Here's an example. We currently teach base 10 as a system by explaining that each column in a number is a tens, or hundreds place and so on. This makes it very difficult to later teach that in binary the second digit is not representative of a tens place. Instead we could teach that in a base 10 system, each column represents 10 to a power. The ones place is n(10^0), n(10^1) for the tens place and so on. Then when you switch to a base 2 (binary) system, it is infinitely easier to say, "All we do is switch 2 for where 10 used to be. n(2^0) for ones, n(2^1) for twos place and so on." This teaches a whole new understanding of what makes a number system tick, and is infinitely more important than calculus. It teaches that numbers are parts of a system which can be manipulated in amazing ways to represent new systems, instead of showing more perfunctory and memorized crap that you're never going to use. The fact that we are so rigidly structured by a common curriculum which does not actually consider future or mathematically advanced learning is amazing. Math can teach critical thinking, but not the way it's taught now.

To refine your example, as it's hard to talk about powers to children, you must take caution to not introduce *how* to do something without illustrating the *why* of the necessity of it and the *what* it is they are actually doing.

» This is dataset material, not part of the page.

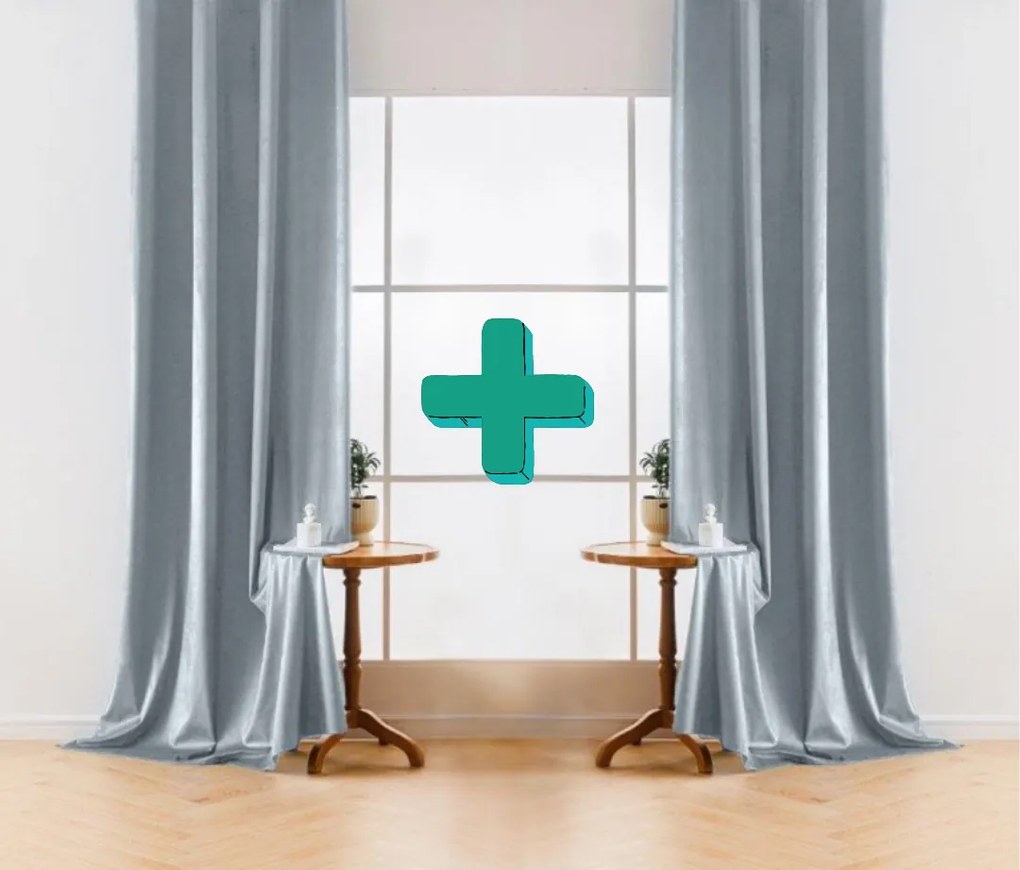 Zasłona zaciemniająca VELVET szaro-niebieska 140x250 cm (2 szt.), kółka metalowe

I think when it comes to teaching the numbers, starting with unary (base-1, or a tally system) representations of real-world things, and the operations on them, and then talk about how the operations are isomorphic (without using that word) to those on a decimal system. Bring to context the utility of a representation, you can bring up binary as an example (and learning binary alongside the standard curricula definitely helped add missing context to Arabic numerals for my childhood), but when you teach how unary behaves the same as decimal, they can carry that reasoning over to whatever else they encounter.

While I don't disagree that the fad of everyone needs to be a programmer is over blow, I don't see anything resembling justification for this opinion. It has never been important for most of the population to be heavily invested in math, and I don't think that's a bad thing or something that is likely to change.

It's also worth noting that literally everyone spends a large proportion of their education learning maths (although most don't really get to anywhere interesting), compared to absolutely no computer science or programming most places.